• [Task brief]:
Which of the lines below include the word "baseboards"? Pull each one out.

• [Task inputs]:

————————

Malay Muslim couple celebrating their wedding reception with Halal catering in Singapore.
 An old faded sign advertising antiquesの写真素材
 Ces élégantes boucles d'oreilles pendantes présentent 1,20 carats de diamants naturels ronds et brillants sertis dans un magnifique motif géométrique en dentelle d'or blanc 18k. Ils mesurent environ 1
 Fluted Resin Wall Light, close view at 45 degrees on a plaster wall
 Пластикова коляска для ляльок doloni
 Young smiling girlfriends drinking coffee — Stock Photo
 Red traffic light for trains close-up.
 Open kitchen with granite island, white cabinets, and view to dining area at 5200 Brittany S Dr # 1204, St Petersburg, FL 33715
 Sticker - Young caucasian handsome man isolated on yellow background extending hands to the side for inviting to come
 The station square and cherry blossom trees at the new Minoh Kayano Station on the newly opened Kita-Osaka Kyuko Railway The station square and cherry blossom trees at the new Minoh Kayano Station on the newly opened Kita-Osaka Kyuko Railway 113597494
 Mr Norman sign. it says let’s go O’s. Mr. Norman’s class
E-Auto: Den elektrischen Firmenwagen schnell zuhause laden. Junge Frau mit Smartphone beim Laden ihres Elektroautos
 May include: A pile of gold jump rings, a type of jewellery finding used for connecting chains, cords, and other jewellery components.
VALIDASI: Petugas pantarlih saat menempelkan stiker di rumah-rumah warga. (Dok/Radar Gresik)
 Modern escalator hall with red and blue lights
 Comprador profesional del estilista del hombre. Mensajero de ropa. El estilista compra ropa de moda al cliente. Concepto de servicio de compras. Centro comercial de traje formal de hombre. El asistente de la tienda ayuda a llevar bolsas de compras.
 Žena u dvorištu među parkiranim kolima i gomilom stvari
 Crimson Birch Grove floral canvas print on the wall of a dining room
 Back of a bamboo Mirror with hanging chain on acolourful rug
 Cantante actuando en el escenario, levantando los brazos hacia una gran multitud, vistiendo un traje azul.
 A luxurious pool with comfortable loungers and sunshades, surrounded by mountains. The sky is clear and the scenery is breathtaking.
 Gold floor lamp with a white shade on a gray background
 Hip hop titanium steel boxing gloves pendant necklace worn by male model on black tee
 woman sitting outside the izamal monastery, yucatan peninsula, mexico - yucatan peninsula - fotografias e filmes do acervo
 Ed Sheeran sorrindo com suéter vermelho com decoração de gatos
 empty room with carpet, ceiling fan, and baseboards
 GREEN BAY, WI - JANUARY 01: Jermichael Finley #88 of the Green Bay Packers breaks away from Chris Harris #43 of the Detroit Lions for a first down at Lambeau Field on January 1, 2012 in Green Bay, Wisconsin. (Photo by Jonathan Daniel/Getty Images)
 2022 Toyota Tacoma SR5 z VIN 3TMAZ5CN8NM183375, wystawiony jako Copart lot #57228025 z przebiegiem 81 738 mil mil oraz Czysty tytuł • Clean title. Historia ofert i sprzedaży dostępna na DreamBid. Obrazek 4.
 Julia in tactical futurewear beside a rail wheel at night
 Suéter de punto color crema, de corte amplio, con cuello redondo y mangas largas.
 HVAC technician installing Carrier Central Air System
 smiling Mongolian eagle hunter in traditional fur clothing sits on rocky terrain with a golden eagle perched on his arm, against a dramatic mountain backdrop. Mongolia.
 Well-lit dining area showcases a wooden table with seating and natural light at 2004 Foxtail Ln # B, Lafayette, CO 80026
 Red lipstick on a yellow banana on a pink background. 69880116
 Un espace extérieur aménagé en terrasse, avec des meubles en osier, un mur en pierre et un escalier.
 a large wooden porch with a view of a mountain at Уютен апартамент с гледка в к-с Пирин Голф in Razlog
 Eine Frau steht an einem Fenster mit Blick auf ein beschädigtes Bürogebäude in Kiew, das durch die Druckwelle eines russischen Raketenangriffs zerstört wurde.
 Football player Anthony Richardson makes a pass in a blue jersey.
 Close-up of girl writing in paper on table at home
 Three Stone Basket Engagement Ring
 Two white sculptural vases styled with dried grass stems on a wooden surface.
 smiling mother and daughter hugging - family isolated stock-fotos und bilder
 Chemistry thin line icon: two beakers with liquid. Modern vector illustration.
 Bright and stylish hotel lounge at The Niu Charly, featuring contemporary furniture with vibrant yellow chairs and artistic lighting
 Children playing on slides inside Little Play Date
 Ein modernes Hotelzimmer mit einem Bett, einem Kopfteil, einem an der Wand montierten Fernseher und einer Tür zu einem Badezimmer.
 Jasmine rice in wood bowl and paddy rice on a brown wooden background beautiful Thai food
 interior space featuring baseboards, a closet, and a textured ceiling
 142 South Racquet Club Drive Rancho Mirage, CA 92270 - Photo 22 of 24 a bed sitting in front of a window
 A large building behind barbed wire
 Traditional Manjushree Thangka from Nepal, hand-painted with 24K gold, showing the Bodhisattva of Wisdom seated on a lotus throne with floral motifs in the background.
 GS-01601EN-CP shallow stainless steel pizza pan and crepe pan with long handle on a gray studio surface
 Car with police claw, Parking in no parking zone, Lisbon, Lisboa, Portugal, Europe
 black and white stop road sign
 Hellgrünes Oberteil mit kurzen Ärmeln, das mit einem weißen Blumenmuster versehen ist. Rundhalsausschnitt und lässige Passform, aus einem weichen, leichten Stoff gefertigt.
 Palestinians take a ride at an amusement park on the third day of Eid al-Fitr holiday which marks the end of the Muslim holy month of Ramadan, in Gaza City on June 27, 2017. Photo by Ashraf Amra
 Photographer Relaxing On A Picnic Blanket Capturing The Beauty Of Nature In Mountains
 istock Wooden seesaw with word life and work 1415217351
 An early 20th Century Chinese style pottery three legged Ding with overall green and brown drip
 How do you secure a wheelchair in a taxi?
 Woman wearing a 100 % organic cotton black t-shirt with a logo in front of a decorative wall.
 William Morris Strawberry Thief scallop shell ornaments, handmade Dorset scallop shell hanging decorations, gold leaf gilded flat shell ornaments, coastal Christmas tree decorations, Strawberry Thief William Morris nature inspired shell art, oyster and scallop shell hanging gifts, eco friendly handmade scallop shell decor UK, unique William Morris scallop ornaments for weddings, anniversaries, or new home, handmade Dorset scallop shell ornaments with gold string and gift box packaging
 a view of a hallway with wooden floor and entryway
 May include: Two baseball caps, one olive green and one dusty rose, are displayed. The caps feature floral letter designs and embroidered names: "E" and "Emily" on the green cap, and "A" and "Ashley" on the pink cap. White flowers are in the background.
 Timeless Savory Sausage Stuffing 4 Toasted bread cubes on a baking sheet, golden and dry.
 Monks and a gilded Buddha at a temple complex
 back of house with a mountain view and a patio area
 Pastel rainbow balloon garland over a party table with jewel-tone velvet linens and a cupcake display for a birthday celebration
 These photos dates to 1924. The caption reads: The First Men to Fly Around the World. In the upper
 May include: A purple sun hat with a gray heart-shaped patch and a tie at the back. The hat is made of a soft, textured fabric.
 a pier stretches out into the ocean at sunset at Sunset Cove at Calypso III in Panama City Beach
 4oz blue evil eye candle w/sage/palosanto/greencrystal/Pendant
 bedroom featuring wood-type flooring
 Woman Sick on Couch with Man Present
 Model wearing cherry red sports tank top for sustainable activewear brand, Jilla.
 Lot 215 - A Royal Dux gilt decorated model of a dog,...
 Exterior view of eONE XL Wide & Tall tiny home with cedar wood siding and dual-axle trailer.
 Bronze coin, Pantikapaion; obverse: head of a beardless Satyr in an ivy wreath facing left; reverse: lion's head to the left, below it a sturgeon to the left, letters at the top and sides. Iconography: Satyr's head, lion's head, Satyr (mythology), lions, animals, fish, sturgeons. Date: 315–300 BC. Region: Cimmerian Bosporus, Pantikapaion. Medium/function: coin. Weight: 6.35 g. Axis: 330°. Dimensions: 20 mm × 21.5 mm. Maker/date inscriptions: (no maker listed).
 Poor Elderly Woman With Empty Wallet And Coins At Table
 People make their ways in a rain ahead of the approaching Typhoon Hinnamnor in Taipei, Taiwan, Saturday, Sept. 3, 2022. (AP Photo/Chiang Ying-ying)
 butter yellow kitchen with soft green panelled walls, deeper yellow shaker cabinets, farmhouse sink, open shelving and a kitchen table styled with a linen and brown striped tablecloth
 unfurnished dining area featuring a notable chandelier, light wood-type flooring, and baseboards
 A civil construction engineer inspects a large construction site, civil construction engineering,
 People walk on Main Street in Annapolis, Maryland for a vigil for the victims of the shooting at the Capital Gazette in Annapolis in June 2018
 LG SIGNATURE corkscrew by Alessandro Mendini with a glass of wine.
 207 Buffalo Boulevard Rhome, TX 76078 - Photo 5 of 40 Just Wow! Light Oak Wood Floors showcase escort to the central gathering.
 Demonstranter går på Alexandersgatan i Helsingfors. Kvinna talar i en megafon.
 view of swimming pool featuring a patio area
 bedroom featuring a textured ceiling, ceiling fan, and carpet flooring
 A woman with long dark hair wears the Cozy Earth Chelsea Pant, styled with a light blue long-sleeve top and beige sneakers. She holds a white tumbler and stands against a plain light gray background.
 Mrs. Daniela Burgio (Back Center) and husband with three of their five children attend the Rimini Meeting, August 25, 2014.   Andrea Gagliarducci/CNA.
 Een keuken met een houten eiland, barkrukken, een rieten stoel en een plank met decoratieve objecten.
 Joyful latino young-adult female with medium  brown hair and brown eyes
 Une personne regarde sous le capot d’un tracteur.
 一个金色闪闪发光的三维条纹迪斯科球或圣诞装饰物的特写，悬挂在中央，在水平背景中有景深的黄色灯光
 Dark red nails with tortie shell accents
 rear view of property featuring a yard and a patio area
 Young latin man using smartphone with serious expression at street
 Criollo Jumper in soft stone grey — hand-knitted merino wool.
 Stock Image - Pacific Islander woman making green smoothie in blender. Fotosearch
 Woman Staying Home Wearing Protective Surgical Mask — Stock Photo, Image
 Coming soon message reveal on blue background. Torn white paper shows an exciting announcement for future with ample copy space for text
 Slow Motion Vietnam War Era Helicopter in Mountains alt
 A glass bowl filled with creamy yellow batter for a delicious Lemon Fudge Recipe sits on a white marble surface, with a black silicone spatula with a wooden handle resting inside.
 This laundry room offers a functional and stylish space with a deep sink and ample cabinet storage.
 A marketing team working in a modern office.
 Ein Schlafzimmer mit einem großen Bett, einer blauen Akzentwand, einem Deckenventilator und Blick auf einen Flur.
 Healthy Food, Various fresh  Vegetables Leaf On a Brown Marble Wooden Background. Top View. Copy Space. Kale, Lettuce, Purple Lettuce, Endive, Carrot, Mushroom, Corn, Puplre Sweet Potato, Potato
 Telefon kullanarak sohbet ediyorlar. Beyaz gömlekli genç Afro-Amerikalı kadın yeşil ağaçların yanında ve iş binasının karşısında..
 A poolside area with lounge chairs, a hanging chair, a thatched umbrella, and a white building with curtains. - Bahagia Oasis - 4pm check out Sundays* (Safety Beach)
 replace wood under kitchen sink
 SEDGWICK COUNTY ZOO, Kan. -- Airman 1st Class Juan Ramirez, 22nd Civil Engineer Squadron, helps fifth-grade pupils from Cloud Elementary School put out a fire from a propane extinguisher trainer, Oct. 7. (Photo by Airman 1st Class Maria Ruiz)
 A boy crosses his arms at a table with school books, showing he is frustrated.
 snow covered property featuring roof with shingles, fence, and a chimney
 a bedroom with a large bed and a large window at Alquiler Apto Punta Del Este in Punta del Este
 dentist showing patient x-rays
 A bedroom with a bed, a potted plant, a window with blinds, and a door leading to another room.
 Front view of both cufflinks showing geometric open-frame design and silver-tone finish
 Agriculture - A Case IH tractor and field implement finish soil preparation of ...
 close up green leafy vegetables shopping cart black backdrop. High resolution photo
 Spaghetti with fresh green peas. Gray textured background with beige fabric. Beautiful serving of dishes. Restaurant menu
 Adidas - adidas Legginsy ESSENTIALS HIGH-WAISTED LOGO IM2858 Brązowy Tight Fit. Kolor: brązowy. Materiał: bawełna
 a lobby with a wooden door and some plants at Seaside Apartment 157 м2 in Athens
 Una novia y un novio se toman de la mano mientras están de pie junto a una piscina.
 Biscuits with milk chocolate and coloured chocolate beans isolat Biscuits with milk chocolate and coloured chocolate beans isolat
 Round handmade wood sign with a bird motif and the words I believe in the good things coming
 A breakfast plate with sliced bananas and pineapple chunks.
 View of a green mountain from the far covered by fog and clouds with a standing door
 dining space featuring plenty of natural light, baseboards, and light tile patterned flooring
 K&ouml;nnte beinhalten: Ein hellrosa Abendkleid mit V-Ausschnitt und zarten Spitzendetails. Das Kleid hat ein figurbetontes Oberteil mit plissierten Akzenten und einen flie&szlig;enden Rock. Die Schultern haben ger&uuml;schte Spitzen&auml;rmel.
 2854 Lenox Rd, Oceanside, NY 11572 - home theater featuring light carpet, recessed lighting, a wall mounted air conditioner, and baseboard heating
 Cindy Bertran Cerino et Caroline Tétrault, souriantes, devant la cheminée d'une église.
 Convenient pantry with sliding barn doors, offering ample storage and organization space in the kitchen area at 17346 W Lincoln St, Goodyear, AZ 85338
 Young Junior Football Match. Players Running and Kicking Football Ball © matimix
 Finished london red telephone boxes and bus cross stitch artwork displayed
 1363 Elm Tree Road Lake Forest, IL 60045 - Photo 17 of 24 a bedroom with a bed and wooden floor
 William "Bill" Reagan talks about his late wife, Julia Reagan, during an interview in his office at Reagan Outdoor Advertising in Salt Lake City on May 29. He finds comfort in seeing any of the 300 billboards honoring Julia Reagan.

————————

• [Reply to the task]:
 empty room with carpet, ceiling fan, and baseboards
 interior space featuring baseboards, a closet, and a textured ceiling
 unfurnished dining area featuring a notable chandelier, light wood-type flooring, and baseboards
 dining space featuring plenty of natural light, baseboards, and light tile patterned flooring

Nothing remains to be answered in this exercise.